Note the "t" on the end - this is the "sticky" bit. It allows users to write to the driectory without stomping on each other. Check out the description at http://www.uwsg.iu.edu/UAU/files/sticky.html.[/u]

----------

## pannag

Hi,

Thanks a lot for your replies.

I changed it to 1777 and that warning does not appear anymore. But 1775 did not work, I donno why! Also, I am wondering what that sticky bit is all about...

Thanks again

Pannag

----------

## pgf

Pannag, check the link I posted above for a good description of the sticky bit. 

1775 does not allow the user to write to their own mail spool, so 1777 is required. The sticky bit helps restrict access to just the spool file belonging to the individual user.

----------

## gentsquash

pgf thank you for the "sticky" link; a useful reference site.

pannag, if you feel that your problem is [SOLVED], 

would you consider marking it as such?  Only you can edit the

title of the first post in the thread.

----------

## pannag

Thanks gentsquash.

I have changed the subject of my first post. 
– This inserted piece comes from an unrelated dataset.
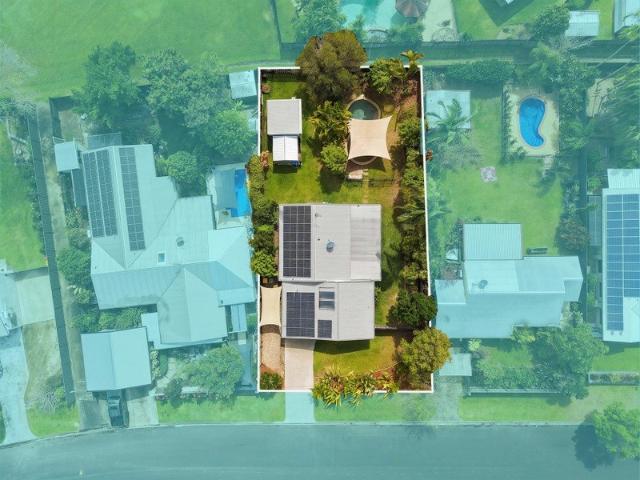 SIDE AND REAR ACCESS, 800M2, LARGE SOLAR SYSTEM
Do I need to mark the issue as solved formally somewhere?

Pannag

----------

## gentsquash

Nope, that's fine.  Gotta love these forums...

----------

## gnuageux

Ive always prefered the [solved] some topic but whatever

----------

## gentsquash

Me too, but I appreciate it just being marked at all.  The

majority of the time it isn't.

In terms of his "formally" question: Would it be worthwhile that

GentooForum thread-titles have options like Buzilla has; "closed",

"re-opened", "solved"...

----------